**browsergym-core**
- New features
- :tada: Set-of-Marks :tada: a new method is available to easily overlay element boxes and `bid` attributes on top of the screenshot, following ideas from [WebVoyager](https://arxiv.org/html/2401.13919v3) and [OSWorld](https://arxiv.org/abs/2404.07972)
python
from browsergym.utils.obs import overlay_som
...
obs, info = env.reset()
screenshot_with_som = overlay_som(obs["screenshot"], obs["extra_element_properties"], fontsize = 12, linewidth = 2, tag_margin = 2)
![screenshot_som](https://github.com/ServiceNow/BrowserGym/assets/1726818/4b971dc6-ce53-45cb-b90d-30ad4c36b191)
- new high-level actions `upload_file` and `mouse_upload_file`
- new field `"extra_element_properties"` in each observation. Contains a dict with `bid` keys, which gives the extra properties computed by browsergym for every element with a bid on the current page. Example:
python
{
"23": {
"visibility": 0.6, float between 0 and 1
"bbox": [56, 345, 12, 20], [x, y, width, height]
"clickable": True, boolean
"set_of_marks": False, boolean
}
- new `set_of_marks` property (computed with JS tag `browsergym_set_of_marks`), following [WebVoyager](https://github.com/MinorJerry/WebVoyager/blob/main/utils.py) implementation (boolean 0 or 1, whether element should be part of the set-of-marks overlay)

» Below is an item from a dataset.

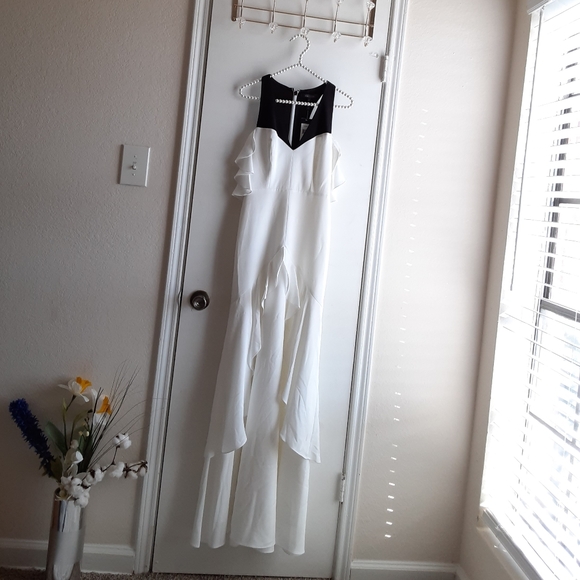 BCBGMAXAZARIA GOWN Maxi Dress White Black - Picture 4 of 8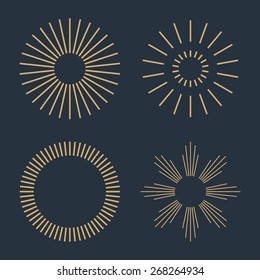 Set of linear badges.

- new `clickable` property, extracted from Chrome's DOMSnapshot's `isClickable`
- new info fields `"action_exec_start"`, `"action_exec_timeout"` and `"action_exec_stop"` after each `env.step()` call, useful for video editing
- new `resizeable_window` parameter in `BrowserEnv` to switch between setting the viewport size via Chrome (previous behavior, resizeable window and viewport) or via Playwright (new default behaviour, viewport is not resizeable)
- Breaking changes
- changed visibility tag in JS from `browsergym_is_in_viewport` (boolean 0 or 1) to `browsergym_visibility_ratio` (value between 0.0 and 1.0), extracted as the `visibility` extra property (see new features)
- `BrowserEnv` parameters `viewport` (viewport size), `slow_mo` (pause between playwright calls) and `timeout` (default playwright timeout) are now provided by the task. They can still be set in the environment's constructor to override the value provided by the task, which will display a warning.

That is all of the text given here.